A recent change to the Massachusetts Rules of Civil Procedure regarding expert disclosure may create a short-term trap for the unwary, but in the long run will likely benefit plaintiffs by providing impeachment material for defense expert witnesses who have always enjoyed a fair amount of latitude to improvise in giving trial testimony. Effective January 1, 2013, the Supreme Judicial Court has approved new Rule 30B of the Massachusetts Rules of Civil Procedure. The Rule requires that answers to expert interrogatories be signed not only by the party, but by the expert, as a certification that the disclosure accurately reflects the expert’s opinion.
To lawyers who regularly practice in federal courts, or in other states where more extensive expert discovery is routine, this rule change may seem insignificant. But to lawyers accustomed to the Massachusetts practice, where expert reports are not usually discoverable and expert depositions are permitted only by leave of court, this Rule represents the first opportunity to hold an expert witness accountable by impeachment with the contents of a party’s disclosure. Until now, an expert confronted with an inconsistency or omission in a Rule 26 disclosure could usually avoid impeachment by denying any involvement with the preparation of the answer. This new rule closes that loophole up tight!
While the rule applies equally to both sides–and even covers a party’s employees who regularly give testimony as part of their job duties–in many cases, the practical effect will be to help level the playing field for plaintiffs.

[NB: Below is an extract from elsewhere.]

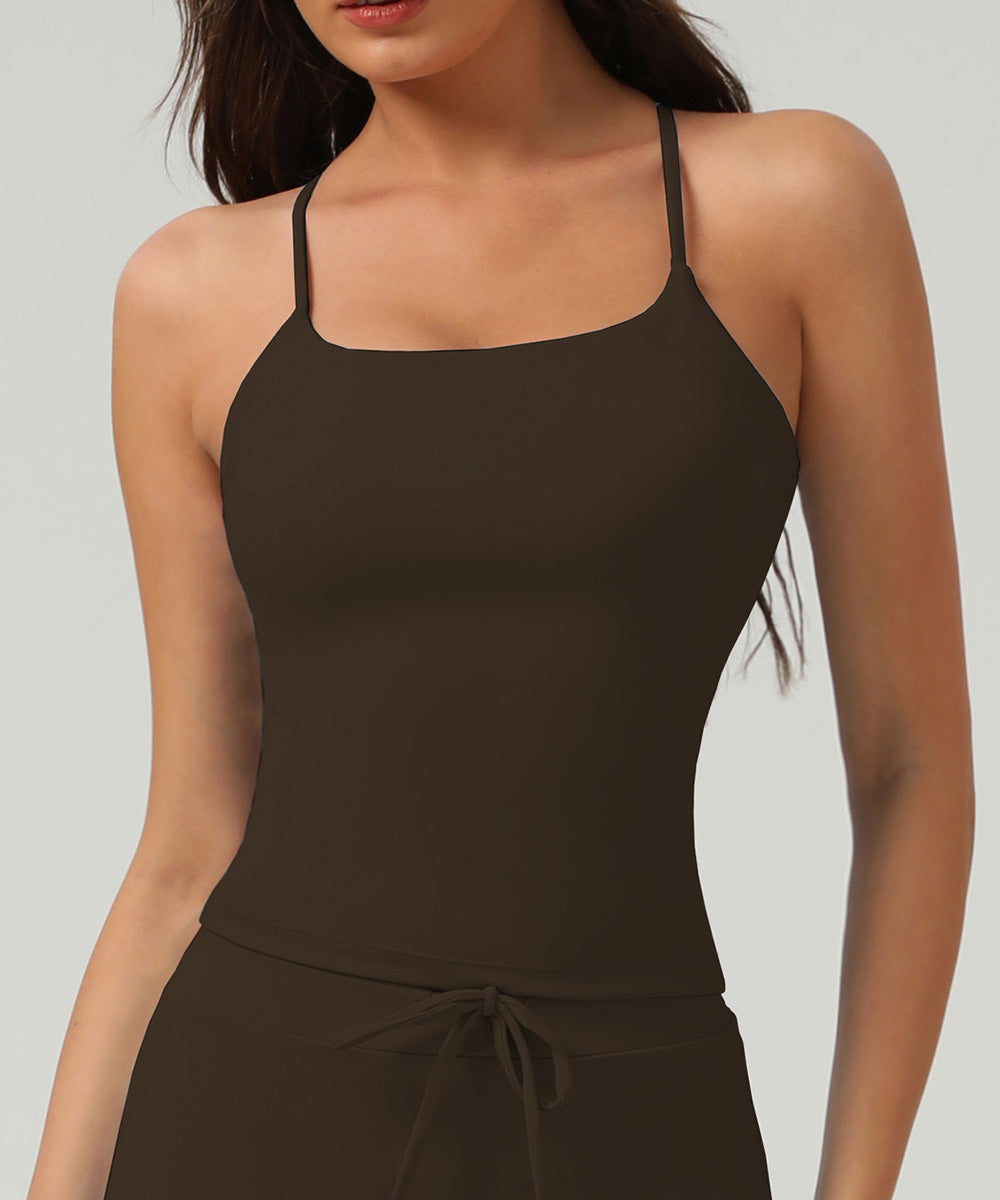 Scoop Neck Crossover Back Tank Top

In many medical malpractice cases, the defense already has the benefit of a signed report from the plaintiff’s expert that was presented to a medical malpractice tribunal as required by General Laws, Chapter 231, Section 60B. This report, usually prepared before the plaintiff is entitled to any discovery or depositions from the defendant, contains preliminary opinions. These reports are intended simply to satisfy the minimal standard of the tribunal, and not to be a full disclosure of the expert’s opinion as required by Rule 26. It is common that later testimony or records may cause the expert to modify some opinions and develop new ones which were not apparent at the time of initial review. Nevertheless, most judges will permit the plaintiff’s expert to be questioned about this letter, and often will not permit the jury to hear about the circumstances surrounding its preparation, the purpose of the opinion letter, or even what limited information was available at the time. Thus, the plaintiff is forced by the tribunal requirement to supply the defendant with a written opinion that often becomes fodder for impeachment, while the defense expert is not required to put his name to anything.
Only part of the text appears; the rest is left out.